Work instruction: Excluding pictures, retype exactly the lines from the one with "Load image into Gallery viewer, Flag sticker" through the end of the records that follow.

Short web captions
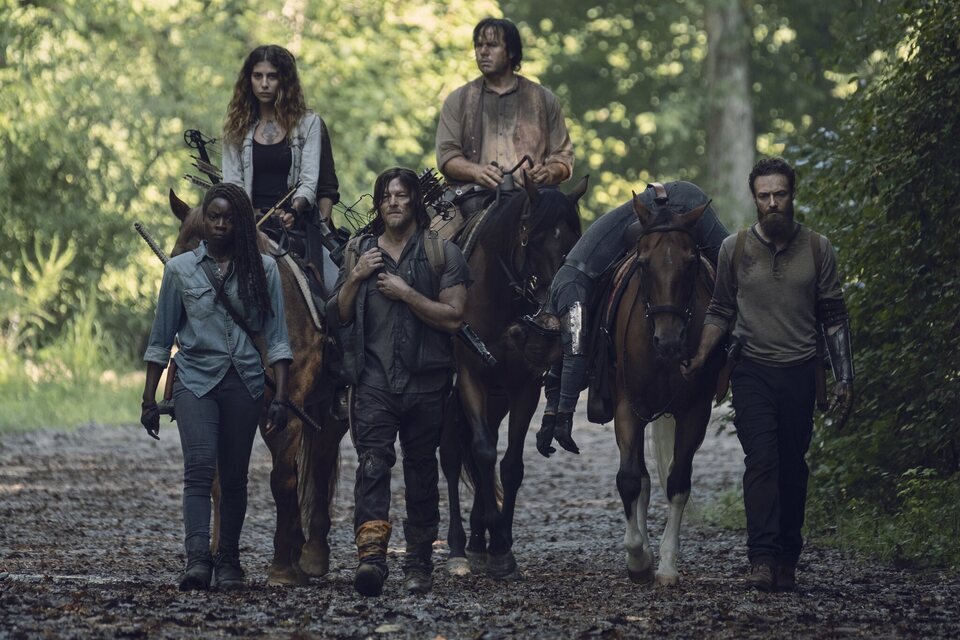 The Walking Dead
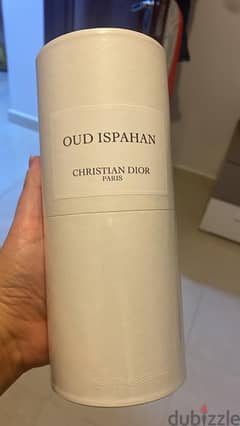 Dior on sale ispahan 250ml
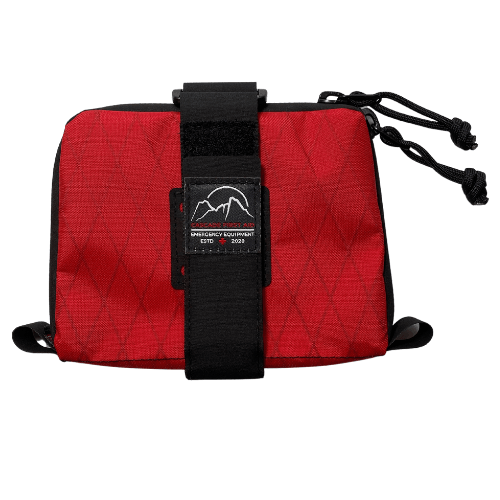 The Galby Bag Only, Red - Cascade First Aid, LLC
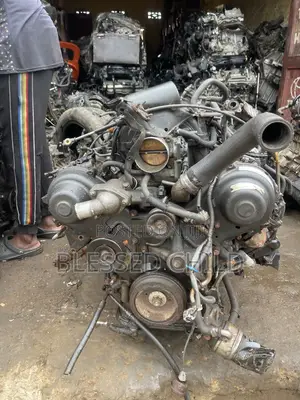 2UZ Engine and Gear 4wd for Toyota 4Runner V8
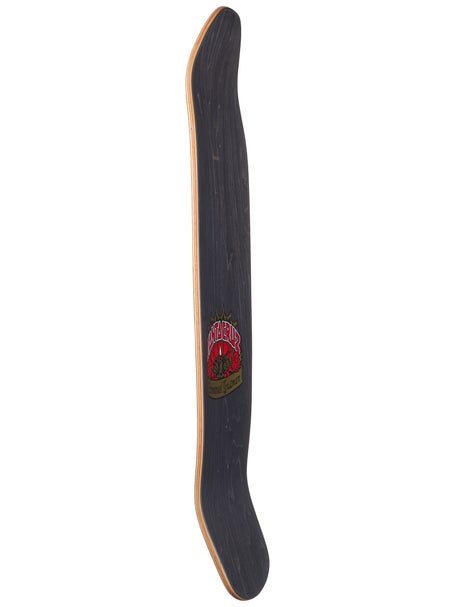 Santa Cruz Guzman Divine Diner Deck 9.16 x 30.55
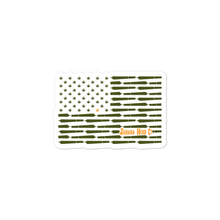 Load image into Gallery viewer, Flag sticker

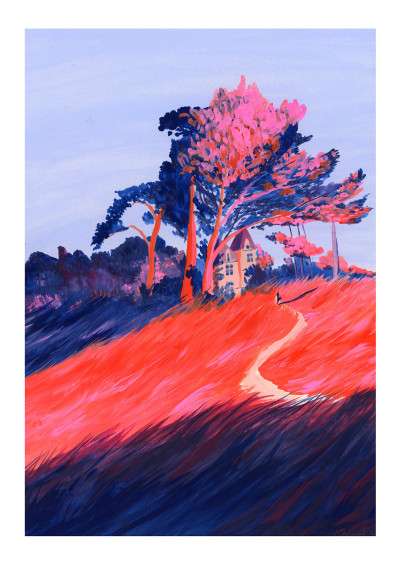 Soleil d'octobre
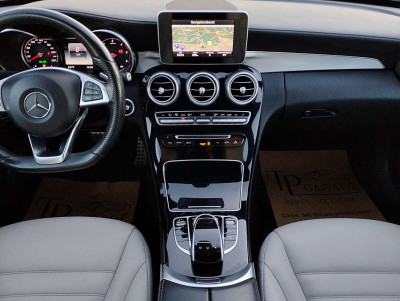 Mercedes-Benz C-Klasse Gebrauchtwagen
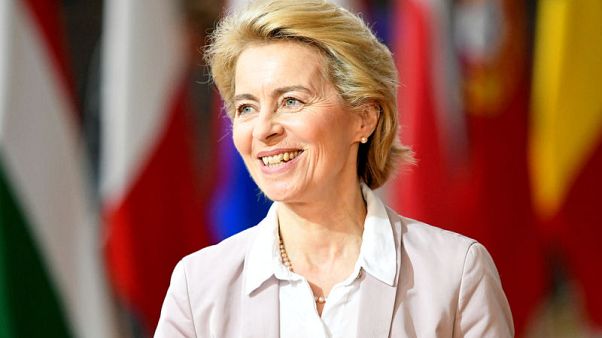 New EU Commission head to start with climate summit, Africa trip New EU Commission head to start with climate summit, Africa trip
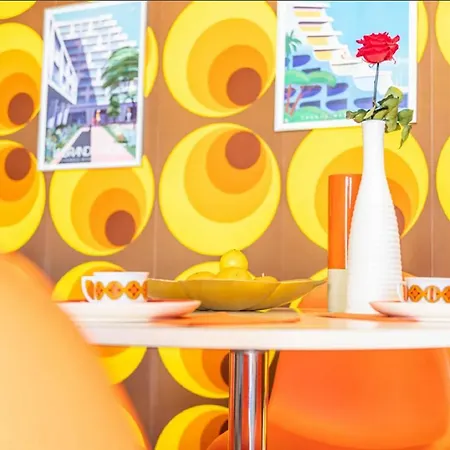 아파트 Le Seventie's 3 Terrasse-netflix-wifi-parking-mer-top Pros Servicesconciergerie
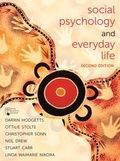 Cover: Social Psychology and Everyday Life - Bloomsbury Academic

Response area:
 Load image into Gallery viewer, Flag sticker

 Soleil d'octobre
 Mercedes-Benz C-Klasse Gebrauchtwagen
 New EU Commission head to start with climate summit, Africa trip New EU Commission head to start with climate summit, Africa trip
 아파트 Le Seventie's 3 Terrasse-netflix-wifi-parking-mer-top Pros Servicesconciergerie
 Cover: Social Psychology and Everyday Life - Bloomsbury Academic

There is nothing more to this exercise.